A FICÇÃO quis imitar a visão e multiplicou sobre a Terra a aberração, a abominação: falsos reinos de falsos cristos com os seus tronos e dominações milenaristas, messianismos em cadeia. Reinos cristãos, impérios cristãos, cristandades agora em ruínas. Antes de Cristo, os reinos eram todos da Carne, do orgulho da Carne, dum homem sobre os outros homens, duma família sobre as outras famílias, dum povo, duma nação ou duma raça sobre os outros povos, nações e raças, Nunca se viu e nunca se ouviu falar, antes de Cristo, em guerras [e] religiões, que aliás se equivaliam todas umas às outras. Alexandre Magno quis conquistar o Mundo e impor-lhe a cultura grega, mas a única guerra de religião que fomentou foi contra os judeus, pois o culto destes não suportava nem comportava a cultura grega. Que o digam os irmãos Macabeus. Nem os budistas, que foram a única religião de salvação, antes de Cristo, a apresentar-se ao Mundo, se lembraram de fazer guerras de religião. Todas as guerras antes de Cristo foram do quero-posso-e-mando, do cheguei-vi-e-venci.
Foi então o Cristo que nos trouxe a guerra santa? Não foi o Cristo Jesus que nos trouxe a guerra santa, nem ele nem os seus mártires que nunca pretenderam um reino deste Mundo. Foram os falsos cristos que geraram os falsos messianismos, desde Bizâncio a Carlos Magno, desde o reino papal ao imenso Portugal, desde o 5e Império ao Império Britânico, desde a Revolução Francesa nos braços de Napoleão à Revolução Russa nos braços de Estaline, desde o sonho romano ao sonho americano. Pouca gente sabe que o próprio Império Islâmico foi um projecto messianista importado pelos árabes dos judeus e dos cristãos. Não foi à vista de Bizâncio que se fez e cresceu o Islão?
COLOCADOS neste ponto privilegiado, que não é o cume difícil reservado a alguns eleitos mas a sólida plataforma construída por vinte séculos de experiência cristã, como escreveu Teilhard de Chardin, podemos ver sem tentações nem restaurações, de cima para cima, não de baixo para baixo, o que de definitivo e irreversível já aparece na Nova Jerusalém que se edifica.
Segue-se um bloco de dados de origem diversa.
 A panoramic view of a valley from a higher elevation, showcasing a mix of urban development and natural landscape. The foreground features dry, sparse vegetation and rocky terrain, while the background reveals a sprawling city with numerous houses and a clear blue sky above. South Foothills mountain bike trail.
A hora não é mais de tentação, mas de visão renovada e esclarecida, à luz dos julgamentos de Deus, diante das ruínas das cristandades e das suas imitações laicas, à luz dos sinais dos Tempos.
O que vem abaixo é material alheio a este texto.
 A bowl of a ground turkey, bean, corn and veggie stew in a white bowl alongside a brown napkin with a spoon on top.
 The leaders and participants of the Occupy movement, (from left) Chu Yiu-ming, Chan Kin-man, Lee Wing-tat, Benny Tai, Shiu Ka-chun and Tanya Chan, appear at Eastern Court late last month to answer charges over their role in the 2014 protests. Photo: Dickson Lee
Vivemos em tempos de pós-cristandade. Não em tempos pós-cristãos, como alguns dizem, como alguns temem. Nem toda a Igreja ainda e já percebeu isso. O nosso reino não é deste Mundo. Se fosse deste Mundo, Bizâncio não teria caído, os Papas de Roma não teriam perdido o seu poder temporal e os seus reinos.
Se fosse deste Mundo, os persas, os árabes e os turcos, não teriam levado a melhor. D. Sebastião teria voltado de Alcácer-Quibir com mais uma vitória para construir o imenso Portugal, reino de Cristo na terra, no mar e no ar, com a capital em Lisboa, Patriarcado de Lisboa, 4ª Roma depois da primeira, depois de Constantinopla, depois de Moscovo… , vingança histórica de Deus contra todos os seus inimigos, contra os Judeus que o mataram, contra os Mouros que o cercaram, contra os Protestantes que o dividiram, contra os Maçónicos que o diluíram nas luzes de Paris, contra os comunistas que o quiseram reduzir ao Santo Materialismo…
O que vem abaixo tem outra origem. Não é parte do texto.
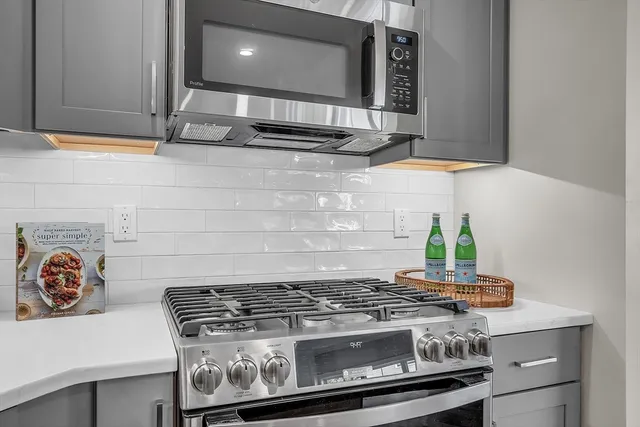 a stove top oven sitting inside of a kitchen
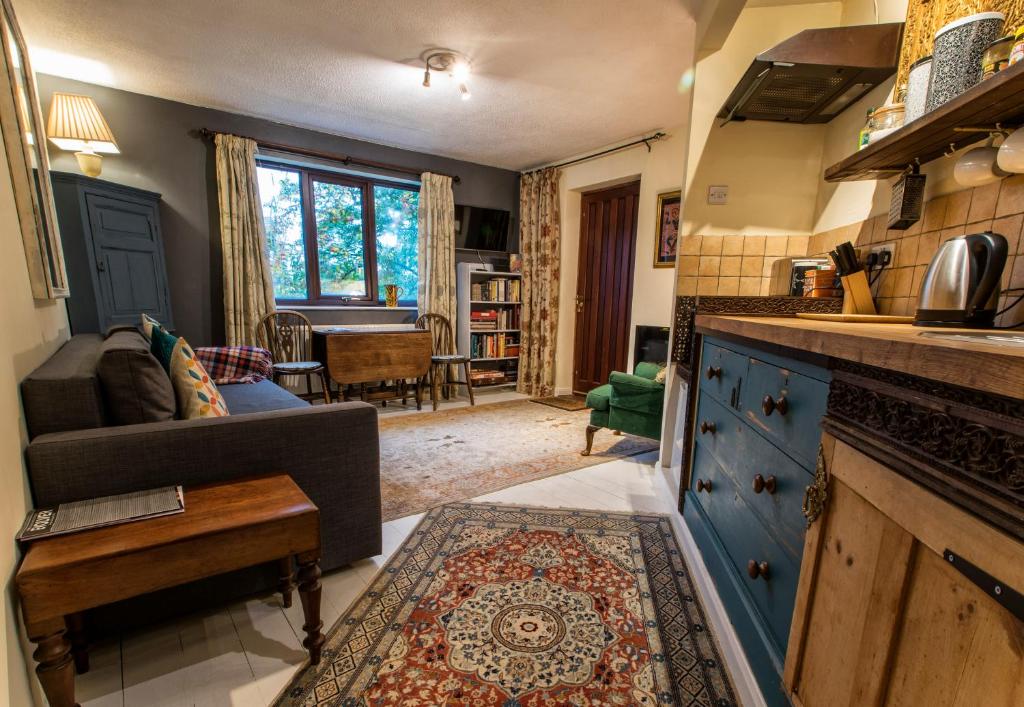 格拉斯顿伯里Dilkara Apartment Glastonbury的厨房以及带沙发和桌子的客厅。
Estes últimos tempos não são menos cristãos que os primeiros tempos de Cristo. Não são de Cristandade, pois pela Cristandade passamos e a ela nunca mais voltamos. Mas são cristãos estes tempos, mais do que os primeiros, mais que os tempos de Cristandade. Agora circulamos livremente por toda a Terra sem precisarmos que Constantino nos abra de espada na mão as fronteiras, sem precisarmos que D. João II nos abra o mar com as caravelas, nem que os americanos vençam os russos para ser quem somos na América, na Lituânia ou na Ucrânia.
Ainda temos alguns problemas herdados da Cristandade, questões não resolvidas, adiadas, interiores à Igreja. O Concílio Vaticano II apontou as soluções que são mais fáceis de adoptar fora da Igreja que dentro dela… As vozes já se fazem ouvir a todos os níveis. Estas questões são de debate, e às questões reais com que nos debatemos ninguém escapará, seja padre ou seja leigo, seja papa ou seja bispo. A única unidade que é preciso salvar é a da liberdade da Verdade, e o amor a pôr em todas as coisas. De resto, a paciência dos Santos, que é superior à dos Sábios, nos garantirá a única vitória que interessa, a da Fé que venceu o Mundo.